Jedziemy w Alpy Julijskie, zwane też słonecznymi górami, ze względu na to, że zawsze świeci tutaj słońce. Już z oddali w oczy rzuca się nam, pozornie niewysoki jak na Alpy, jednak monumentalnie wyróżniający się najwyższy szczyt tego kraju, a mianowicie Triglav, osiągający 2864 m n.p.m. Zdobycie tego szczytu nie jest łatwe, liczne trasy piesze przeznaczone są dla bardziej wytrawnych turystów. Nie mniej jednak, jak przyjęło się w lokalnej tradycji, każdy Słoweniec przynajmniej raz w życiu powinien zdobyć Triglav.

Wiemy już, że Alpy Julijskie dają możliwości dla turystyki górskiej. Jednak Alpy zawsze kojarzone są przede wszystkim
z białym szaleństwem na jednej czy dwóch deskach. Słowenia również zaprasza na narty. Godnym polecenia miejscem dla amatorów narciarstwa będzie najwyżej położony ośrodek narciarski w kraju, jakim jest Bovec, w pobliżu granicy Słowenii z Włochami i Austrią. Dlaczego warto wybrać się akurat tam? Po pierwsze, ze względu na dużą wysokość, sezon trwa od listopada do maja. Ponadto, bliskość granicy daje możliwość szusowania po stokach zarówno Słoweńskich, jak i Włoskich. Co więcej, w trakcie rozkoszowania się prędkością i wiatrem we włosach podczas zjazdów, z pewnością będzie nam towarzyszyć słońce, a także fantastyczne widoki. Naszym oczom ukaże się tutaj adriatycka riwiera, doskonale widoczna ze stoków góry Kanin, po której będziemy śmigać. Bez wątpienia uprawianie narciarstwa
w tym miejscu będzie zatem niezapomniane, nie mówiąc już o tym, że nasz portfel nie ucierpi na tym tak bardzo, jak mogłoby to być w Austrii czy we Włoszech.

Jeśli zaś po białym szaleństwie będziemy mieli ochotę się ogrzać, przeniesiemy się do Bledu. Znajduje się tam uzdrowisko, malowniczo położone nad polodowcowym jeziorem o tej samej nazwie. Jednak to nie w jeziorze będziemy się ogrzewać, gdyż przeraźliwy chłód wód zbiornika przyciąga co najwyżej morsów. Skorzystamy tutaj z wód termalnych, dzięki obecności których w Bledzie powstało uzdrowisko.

Słoweńskie Alpy kryją jeszcze wiele interesujących miejsc, które urzekną niejednego wędrowca.
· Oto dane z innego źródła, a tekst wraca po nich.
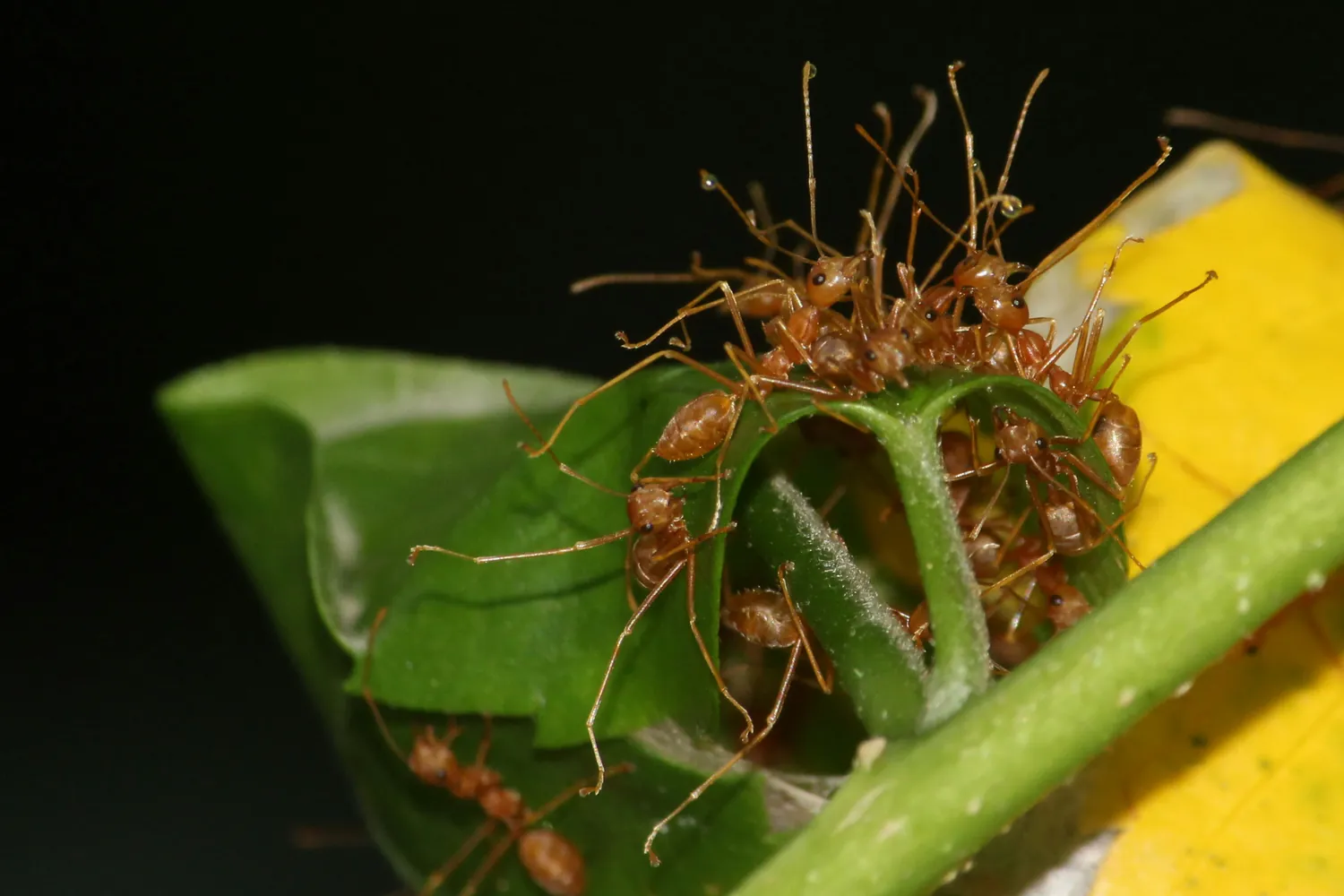 Crafting Creative Dishes: The Rise of Edible Insects in Modern Kitchens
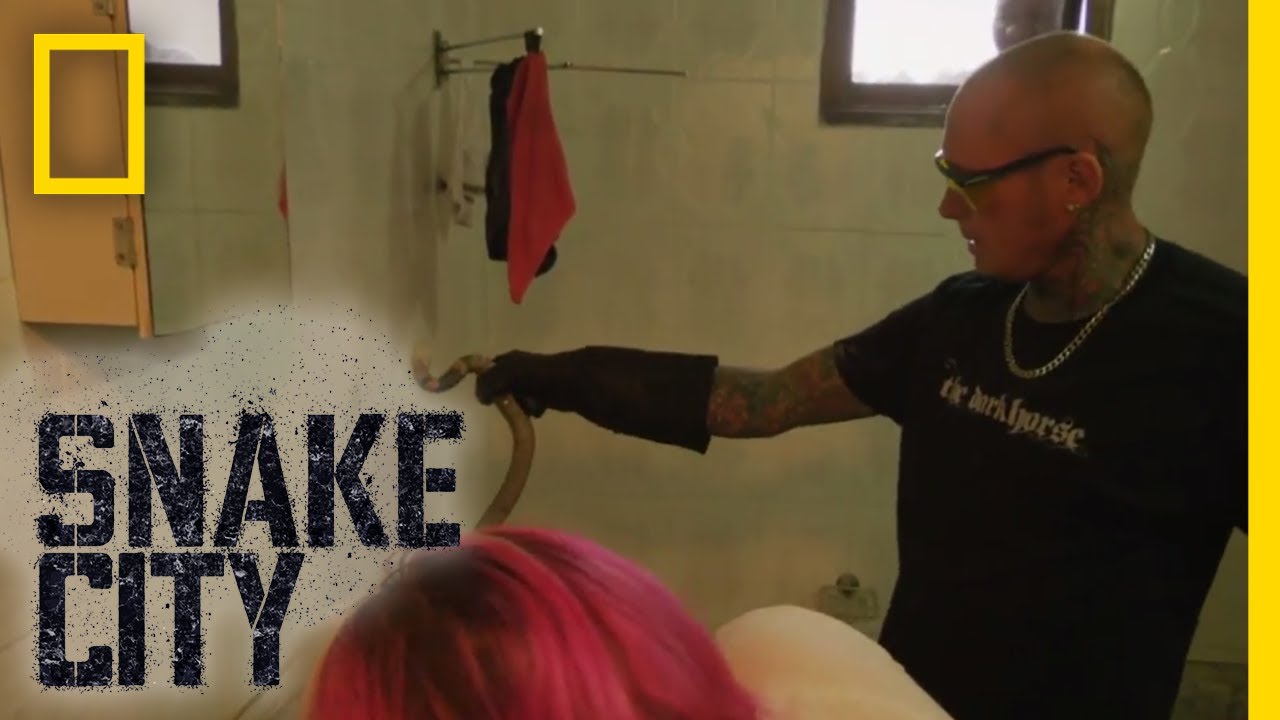 A Face Full of Venom | Snake City
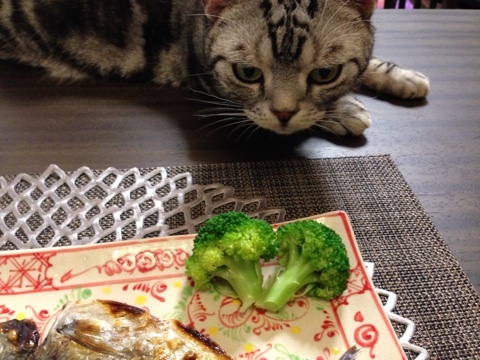 {0B8E8EE8-FBA1-4BAC-BFF6-8D1769F01BC7:01}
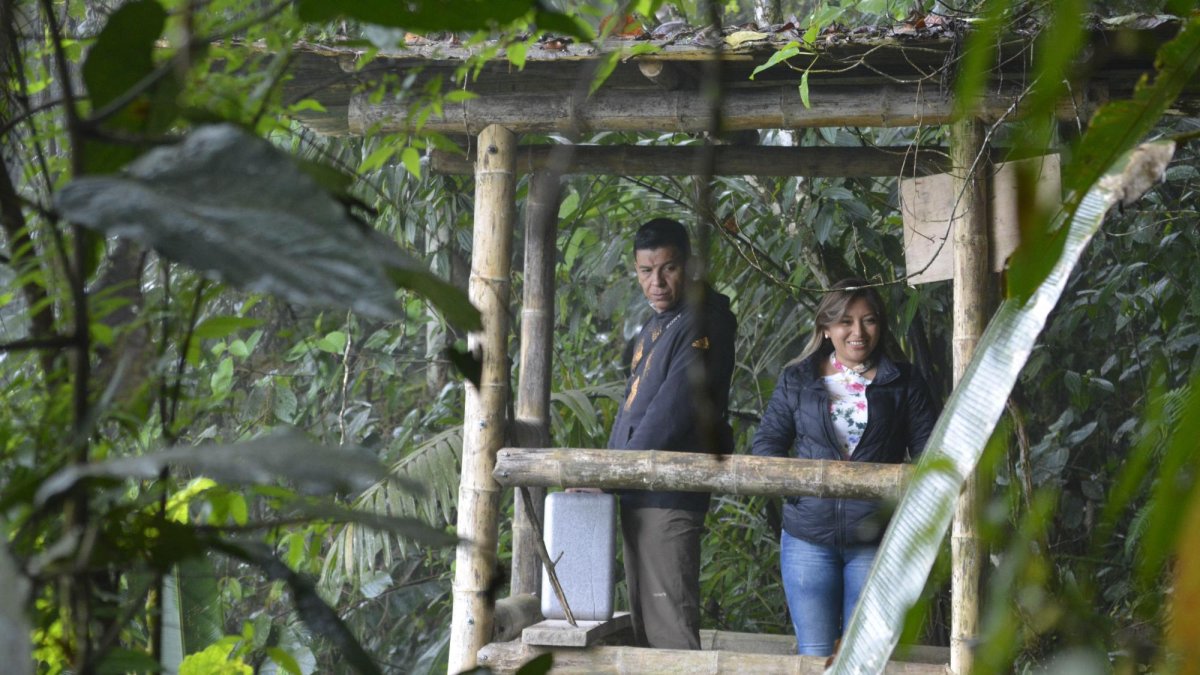 La mayoría de las concesiones mineras que el Gobierno prometió erradicar del espacio protegido continúan funcionando hoy en día, mientras que sigue en marcha un proyecto para construir una nueva planta hidroeléctrica en la parroquia de Nanegal, dentro de la Reserva.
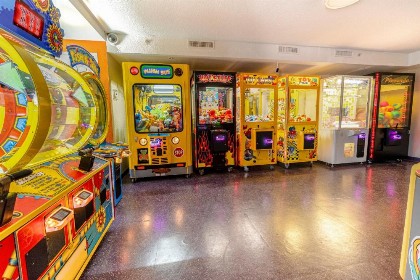 Flamingo Waterpark Resort - image 46
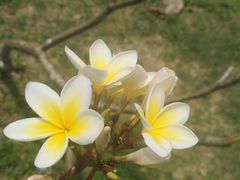 -白沙门生态公园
Jak widać, jest to doskonałe miejsce zarówno do pieszych wędrówek wzdłuż malowniczych gór i dolin, jak i wypoczynku w ciepłych termalnych wodach. To także idealna, „hipsterska” alternatywa dla narciarzy. O alpejskich kurortach narciarskich we Włoszech słyszał przecież każdy, jednak kto kiedykolwiek pomyślał o tym, by na narty wybrać się do mniej popularnej Słowenii? Dla ciągłego słońca na stoku i niezapomnianej panoramy Adriatyku w czasie zjazdów chyba warto. Być może
z czasem Słowenia stanie się tańszą, a równie atrakcyjną opcją na narciarski czy górski wyjazd zagraniczny.